Ingredients
The following ingredients have 6 Servings
- 2 cups (about 12 ounces) diced or shredded cooked chicken ((such as the meat from a rotisserie chicken))
- 1 ¾ cups enchilada sauce, divided
- 1 cup shredded Mexican-blend cheese, divided
- 8 (6 inch) corn tortillas
- Optional garnish: sour cream, sliced green onion or red onion, diced tomatoes, fresh cilantro, lime wedges, sliced olives, diced avocado or guacamole
Instruction
- Preheat oven to 350°F (180°C).
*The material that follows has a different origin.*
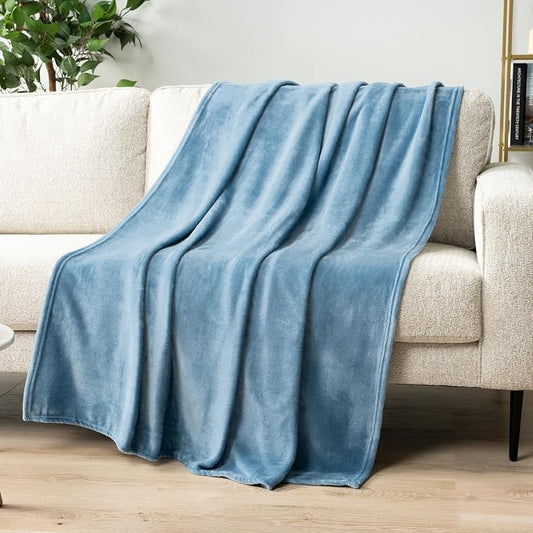 PAVILIA Fleece Blanket Throw Twin Size | Super Soft, Plush, Luxury Flannel Throw | Lightweight Microfiber Blanket for Sofa Couch Bed (Dusty Blue, 60x80 inches)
Grease a 2-quart baking dish.
- Spread ¼ cup of the enchilada sauce in a thin layer in the bottom of the dish.
- In a large bowl, stir together the chicken, ¾ cup of the enchilada sauce, and about half of the cheese (½ cup).
- Place 4 of the tortillas in the bottom of the prepared dish, tearing or overlapping them as necessary to cover the bottom.
- Top with half of the chicken mixture and drizzle with ¼ cup of enchilada sauce. Repeat layers one more time.
- Cover with foil and bake for 30 minutes. Uncover, sprinkle with remaining ½ cup of cheese, and bake for an additional 5-10 minutes (until cheese melted and casserole is hot and bubbly).
- Garnish with optional toppings and serve.